---- MATERIAL PROVIDED

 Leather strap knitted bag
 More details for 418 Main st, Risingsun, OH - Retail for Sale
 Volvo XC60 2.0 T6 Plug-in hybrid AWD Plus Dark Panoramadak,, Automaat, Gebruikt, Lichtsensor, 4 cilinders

--------

EXERCISE DIRECTIONS.
Transcribe the entire listing above exactly.

ANSWER FOR THIS EXERCISE.
 Leather strap knitted bag
 More details for 418 Main st, Risingsun, OH - Retail for Sale
 Volvo XC60 2.0 T6 Plug-in hybrid AWD Plus Dark Panoramadak,, Automaat, Gebruikt, Lichtsensor, 4 cilinders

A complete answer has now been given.